If you see these lines, then the GPU is being used and model tensors are being loaded into VRAM.

Verifying that FFN split is working

Ideally, PowerInfer should be able to utilize full GPU memory or the VRAM budget you set. It first tries to offload dense layers to VRAM (attention, predictor, etc.), then it tries to split hot neurons of the FFN into VRAM if there is still space left.

You can look at this line to see how much FFN has been split and offloaded:

llm_load_gpu_split: offloaded 12577.50 MiB of FFN weights to GPU

If you find that the VRAM usage is much lower than expected, then FFN split is likely not working. Splitting FFN requires solving the neuron placement via powerinfer Python module and loading the generated GPU index file, shown in the following lines.
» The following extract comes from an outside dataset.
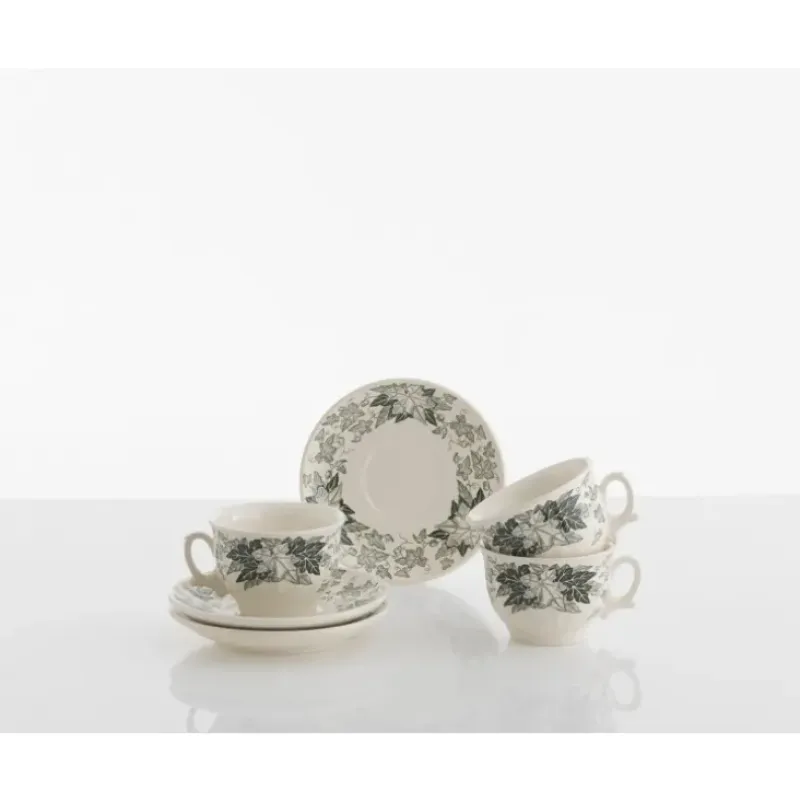La Cartuja de Sevilla Set de 6 tazas de desayuno con platillos colección Yedra > Set De Tazas Con Platillos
Solving (the result is cached, so this only happens once):

invoking powerinfer Python module to generate gpu split for 12738.39 MiB of VRAM
solver args: Namespace(activation='/nvme2/huggingface/PowerInfer/ReluLLaMA-13B-PowerInfer-GGUF/activation', neuron=13824, capacity=429432, layer=40, vram_capacity=13357166592, batch=256, threshold=0, output='/nvme2/huggingf
ace/PowerInfer/ReluLLaMA-13B-PowerInfer-GGUF/llama-13b-relu.powerinfer.gguf.generated.gpuidx')
...
exported GPU index to /nvme2/huggingface/PowerInfer/ReluLLaMA-13B-PowerInfer-GGUF/llama-13b-relu.powerinfer.gguf.generated.gpuidx

Loading generated or cached GPU index:

llama_model_loader: loaded meta data with 3 key-value pairs and 80 tensors from /nvme2/huggingface/PowerInfer/ReluLLaMA-13B-PowerInfer-GGUF/llama-13b-relu.powerinfer.gguf.generated.gpuidx (version GGUF V3 (latest))
llama_model_loader: - tensor    0:                    blk.0.gpu_idx i32      [ 13824,     1,     1,     1 ]
...
apply_tensors_to_base_model: applying gpu_idx adapter from '/nvme2/huggingface/PowerInfer/ReluLLaMA-13B-PowerInfer-GGUF/llama-13b-relu.powerinfer.gguf.generated.gpuidx' - please wait ...

If you don't any of see these lines, then FFN split is not working. It can be caused by:

  • powerinfer Python module is not installed or not activated if you are using a virtual environment
  • There is no activation directory in the model directory, which contains the activation files for solving FFN split

Please refer to Setup and Installation for more information on runtime dependencies and Model Weights for more information on model weights.

Example of runtime flags effect on inference speed benchmark

Please refer to Evaluation for more information on the token generation benchmark on Linux.

For Windows, we have tested PowerInfer/ReluLLaMA-13B-PowerInfer-GGUF on a machine with the following specs:

GPU: Nvidia RTX 2080Ti (11GB VRAM) CPU: Intel i7-13700 RAM: 64GB DDR4, 3200MHz

Run command: .\build\bin\Release\main.exe -m path\to\model -n 64 -p "Once upon a time" [additional benchmark flags]

Result:

command tokens/second (higher is better)
[no additional flags] 4.05
-t 8 4.27

CPU affinity and hybrid architecture

PowerInfer achieves the best performance on CPUs of hybrid architecture (big.LITTLE) when it is running on all CPU performance cores (P cores). On such hardware, we recommend setting -t --threads with the available number of P cores.

We found that Windows sometimes are not able to schedule threads on P cores and forfeits generation performance. If you find the token generation speed unstable, or the utilization of P cores is low, you can try to set CPU affinity manually with Start-Process in PowerShell like this example on 12th Gen Core i7 (8 P cores):

Start-Process -FilePath path\to\main.exe -ArgumentList "-m", "path\to\model", "-t", "8", "-n", "128", "-p", "`"Once upon a time`"" -NoNewWindow -PassThru -Wait | ForEach-Object { $_.ProcessorAffinity = 0x5555 }

It works like taskset on Linux and sets CPU affinity to P cores only (0x5555 is a bit mask for CPU0,2,4,6,8,10,12,14). Please refer to the docs of Start-Process for more details.